***** INPUT DATA *****

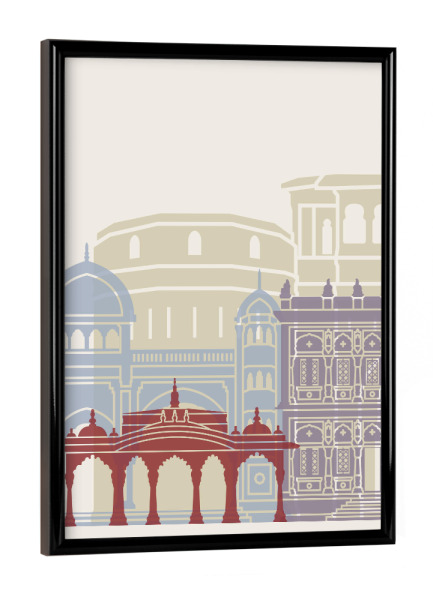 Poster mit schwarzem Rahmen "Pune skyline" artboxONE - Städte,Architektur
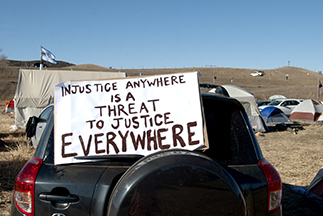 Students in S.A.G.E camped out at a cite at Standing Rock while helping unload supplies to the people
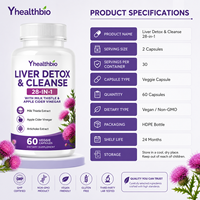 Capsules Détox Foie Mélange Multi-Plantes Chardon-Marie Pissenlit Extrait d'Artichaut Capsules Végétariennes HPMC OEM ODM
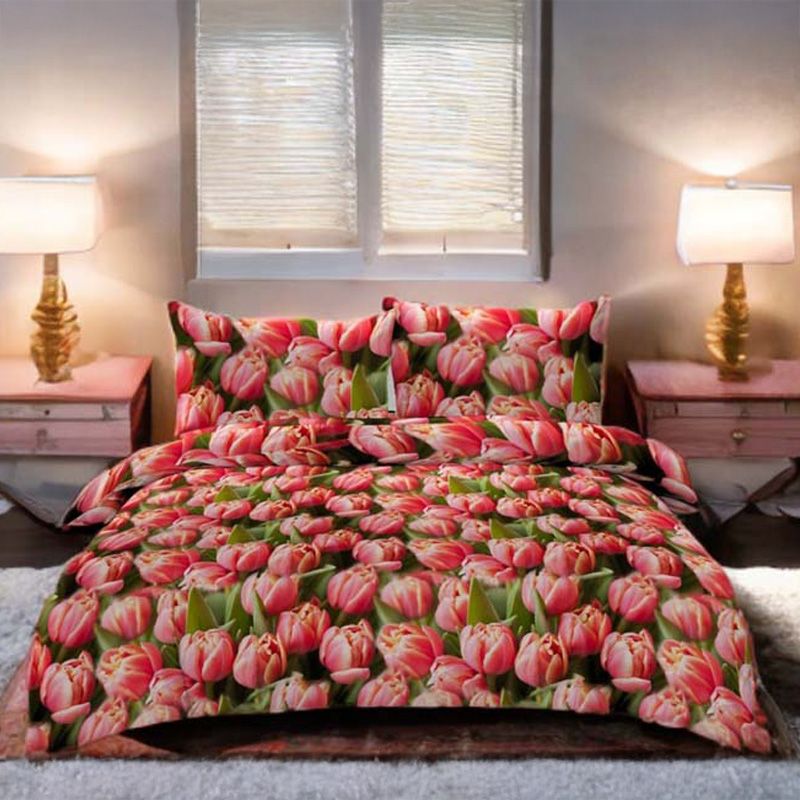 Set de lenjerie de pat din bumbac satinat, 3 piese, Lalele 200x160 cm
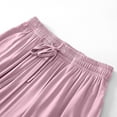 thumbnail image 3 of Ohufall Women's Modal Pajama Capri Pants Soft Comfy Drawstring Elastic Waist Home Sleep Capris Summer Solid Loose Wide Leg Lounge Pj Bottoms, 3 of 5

*****

• TASK DESCRIPTION
Among the entries above, take the lines from the one with "Capsules Détox Foie" through the one with "Set de lenjerie" and retype them exactly, leaving out the pictures.

• WRITTEN RESPONSE
 Capsules Détox Foie Mélange Multi-Plantes Chardon-Marie Pissenlit Extrait d'Artichaut Capsules Végétariennes HPMC OEM ODM
 Set de lenjerie de pat din bumbac satinat, 3 piese, Lalele 200x160 cm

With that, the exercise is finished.